E ancora: Modena: madre la picchia perche' 'troppo occidentale', figlia scappa di casa .

8 commenti:

petroniostefano ha detto...

Situazione terribile vero. A volte certe scelte e certi contesti ci mettono in condizioni difficili da gestire senza un aiuto esterno. Certo è che tutto è iniziato dal solito problema famigliare e di tradizione, in un ambiente diverso non sarebbe dovuta scappare in un paese straniero per partorire.
Poi, il contesto italiano attuale non aiuta. Mi chiedevo anche, chi si occupa del figlio in Libia?

Alessandra ha detto...

Non ho trovato nulla che spieghi chi se ne occupa... .

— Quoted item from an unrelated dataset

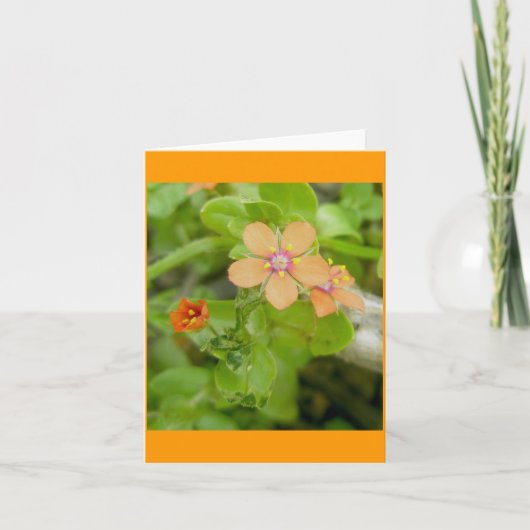 小さなオレンジ色の野花緋色のインペリアル シーズンカード (正面)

petroniostefano ha detto...

Aggiornamento tratto da un quotidiano locale: ieri le hanno tolto i punti e si sta riprendendo. Ha fatto un accenno al figlio, che vorrebbe riabbracciare.

Mella ha detto...

Non ho capito: se in Libia non aveva problemi, tanto è vero che ci è rimasta per anni col suo uomo e col bambino, quale sarebbe il motivo del voler "tentare la carta italiana"? A che titolo pretenderebbe di avere diritto all'asilo politico? A che titolo pretende di avere "diritto" ad alcunché? Se provenisse direttamente dalla Tunisia dove era minacciata di morte avrebbe diritto ad asilo umanitario (ma quello, come qualunque altro asilo, si chiede all'arrivo, non dopo essere vissuti da clandestini), ma provenendo da un Paese in cui nessuno la minacciava, non vedo di quali diritti vada cianciando.

Alessandra ha detto...

Non ho trovato nulla che chiarisca perchè poi se ne sia andata dalla Libia col suo uomo. Comunque se torna in Tunisia i suoi la fanno fuori.

Mella ha detto...

Questo non è un argomento:
1. al mondo non c'è solo la Tunisia
2. lei NON è arrivata qui dalla Tunisia
3. l'asilo politico ha a che fare con le persecuzioni per motivi politici. Lei NON è perseguitata per motivi politici quindi il rifiuto di concederglielo è sacrosanto
4. questa donna ha giocato sporco fin dall'inizio, abbandonando suo figlio, entrando da clandestina, vivendo da clandestina, ricorrendo all'osceno ricatto dell'autolesionismo. Dovrebbe solo vergognarsi, altro che accampare diritti!

Alessandra ha detto...

E'verissimo quello che dici, ma se non l'asilo politico, credo che si debba trovare un'alternativa. E'tunisina, quindi se la espellono, c'è il rischio che la rimandino in Tunisia, anche se viveva in Libia.
L'autolesionismo sarà anche un odioso ricatto, ma intanto... .

Mella ha detto...

Scusa, ma il guaio in cui si ritrova se l'è fabbricato lei con le sue mani. E per fabbricarselo ha anche abbandonato un bambino. Una non può mica pretendere di andarsene in giro per il mondo a combinare casini e poi pretendere che glieli risolvano gli altri. E dove sta scritto che se non le danno l'asilo politico, PER IL QUALE NON HA NESSUNISSIMO TITOLO, debbano per forza rimandarla in Tunisia? Negare asilo significa che non ti consento di stare qui, non che decido io dove devi andare.